Given records »
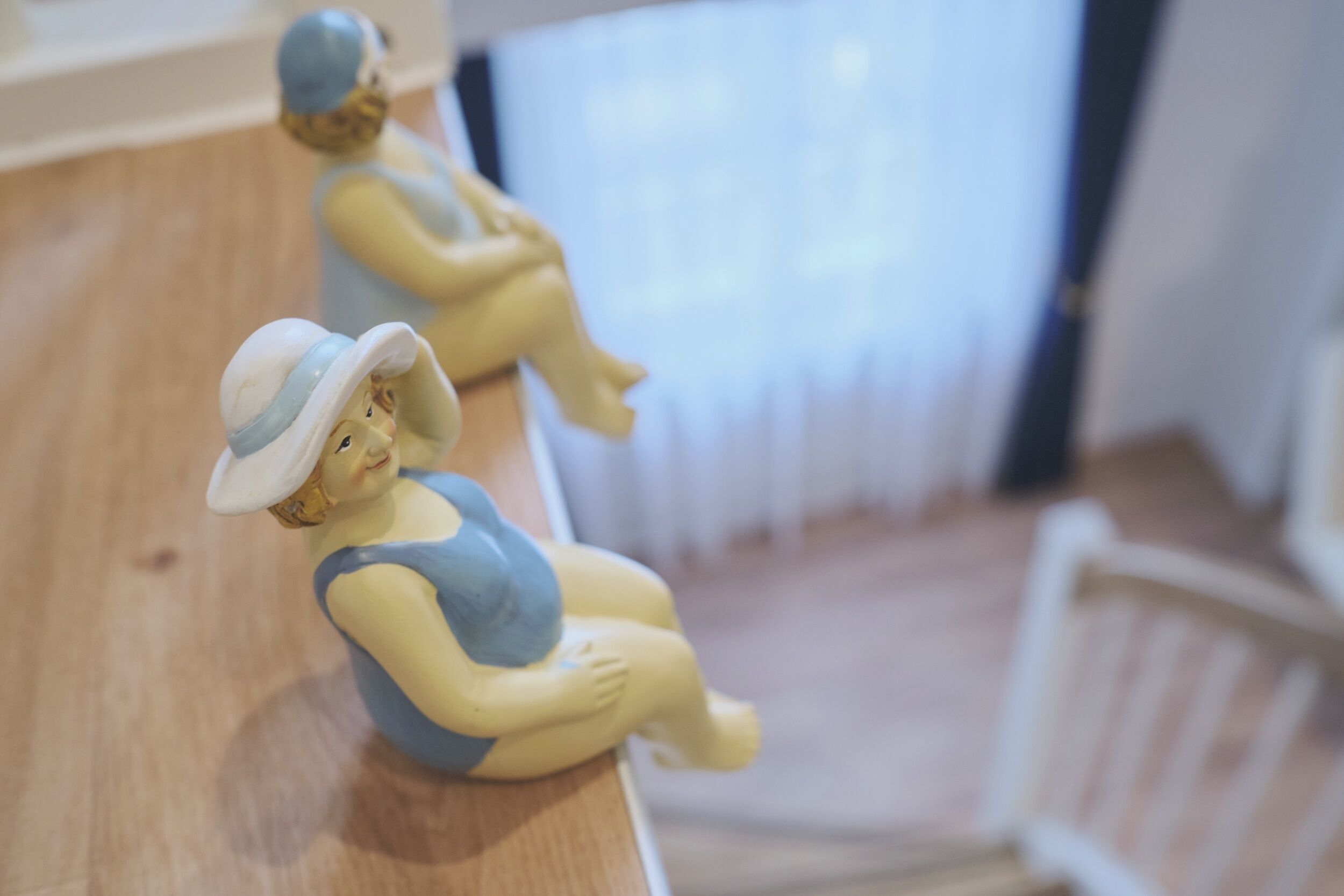 Duas pequenas figuras sobre uma superfície de madeira.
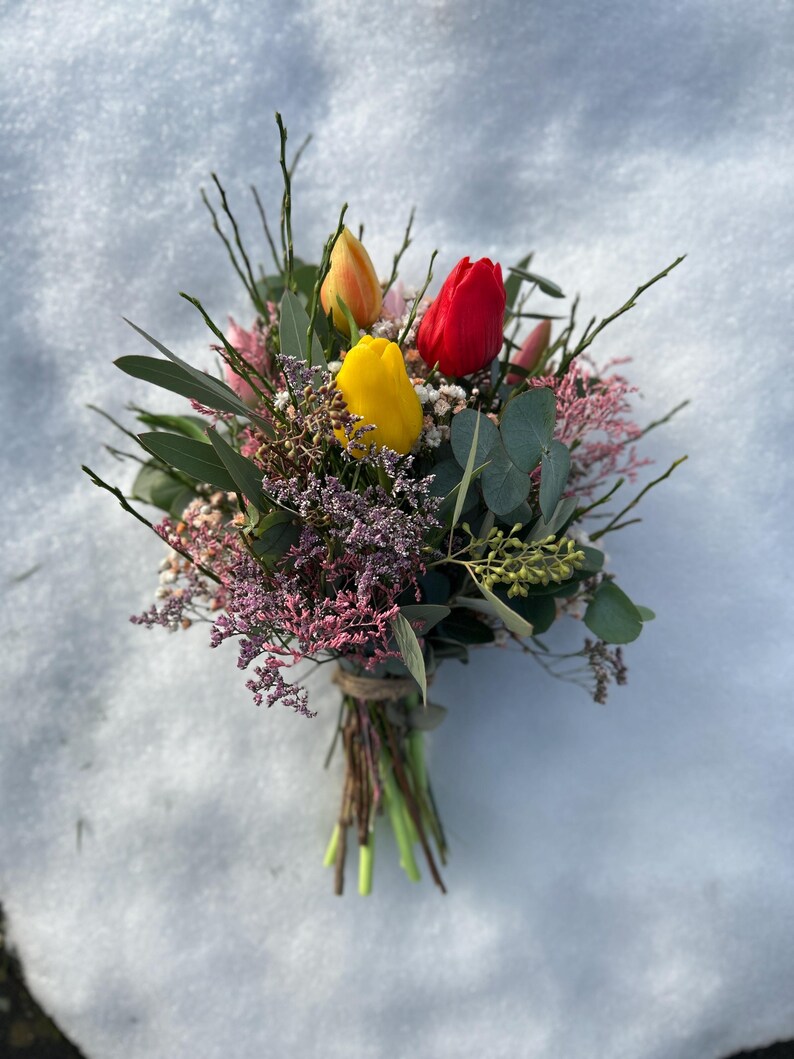 May include: A vibrant bouquet of fresh-cut flowers, featuring three tulips in yellow, red, and orange hues. The arrangement includes greenery, pink and purple filler flowers, and is tied with twine. The bouquet rests on a snowy surface.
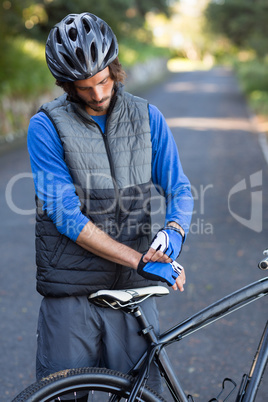 Male biker wearing sport gloves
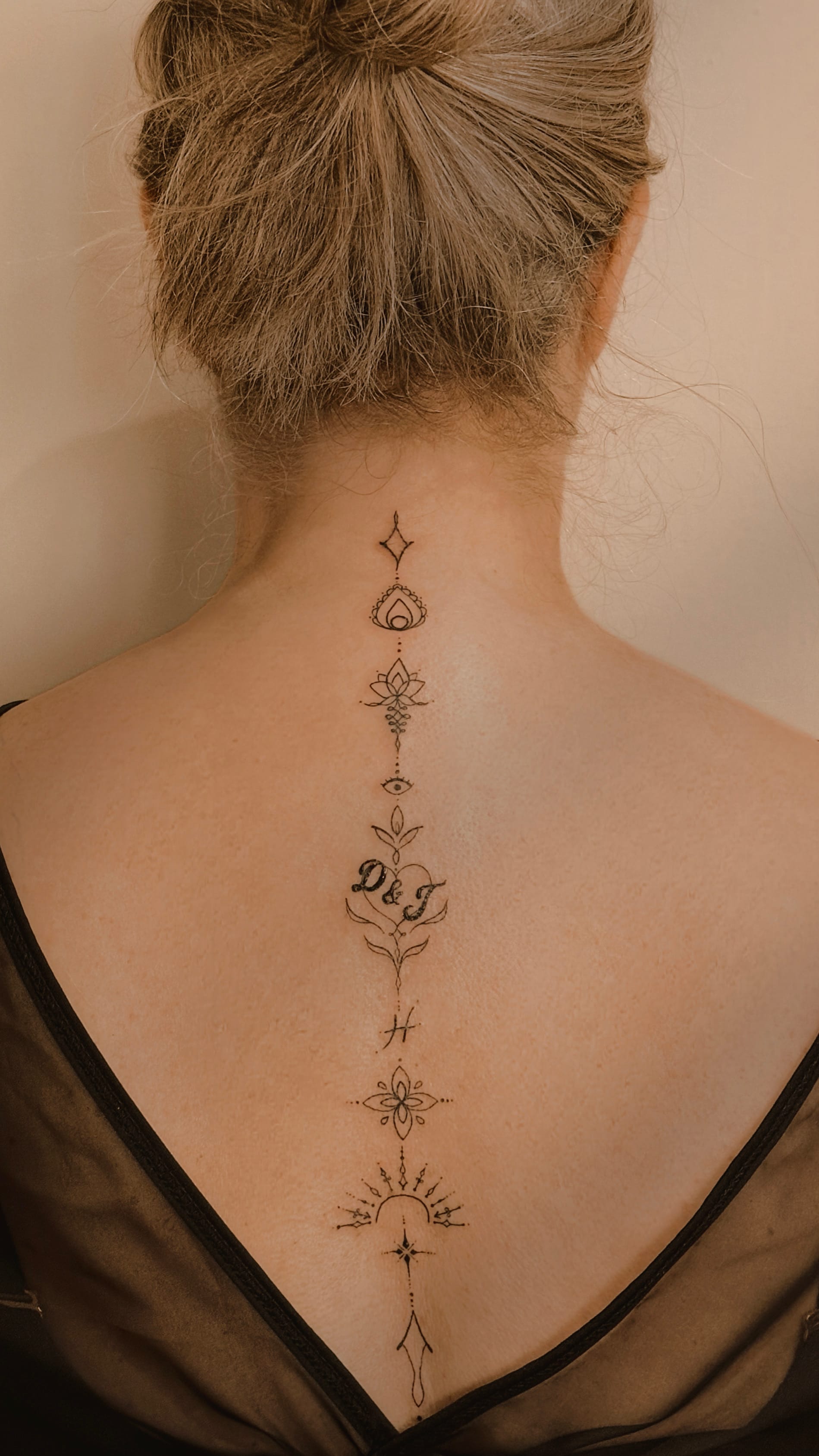 A delicate symphony of spiritual symbols flows down this spine like sacred poetry written in ink ✨ The intricate line work weaves together celestial stars, lotus blooms, mystical eyes, and ornate flourishes that create a mesmerizing vertical journey from nape to lower back. Each element seems to tell part of a deeper story about enlightenment and personal transformation, making this piece as meaningful as it is visually stunning.
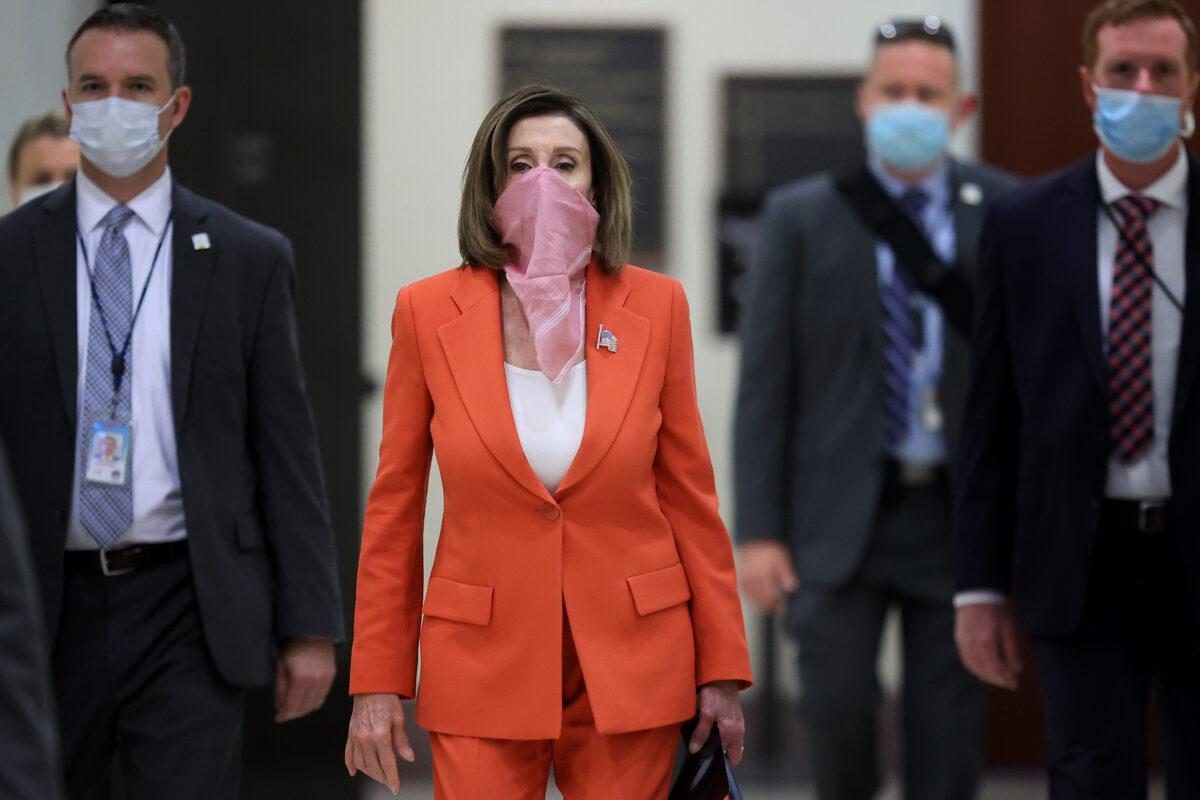 Wearing a scarf over her mouth and nose, House Speaker Nancy Pelosi (D-Calif.) is surrounded by security and staff as she arrives for her weekly news conference during the COVID-19 pandemic at the U.S. Capitol in Washington, on April 24, 2020. (Chip Somodevilla/Getty Images)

Task brief »
Apart from the images, retype the full material exactly as written.

Task response »
 Duas pequenas figuras sobre uma superfície de madeira.
 May include: A vibrant bouquet of fresh-cut flowers, featuring three tulips in yellow, red, and orange hues. The arrangement includes greenery, pink and purple filler flowers, and is tied with twine. The bouquet rests on a snowy surface.
 Male biker wearing sport gloves
 A delicate symphony of spiritual symbols flows down this spine like sacred poetry written in ink ✨ The intricate line work weaves together celestial stars, lotus blooms, mystical eyes, and ornate flourishes that create a mesmerizing vertical journey from nape to lower back. Each element seems to tell part of a deeper story about enlightenment and personal transformation, making this piece as meaningful as it is visually stunning.
 Wearing a scarf over her mouth and nose, House Speaker Nancy Pelosi (D-Calif.) is surrounded by security and staff as she arrives for her weekly news conference during the COVID-19 pandemic at the U.S. Capitol in Washington, on April 24, 2020. (Chip Somodevilla/Getty Images)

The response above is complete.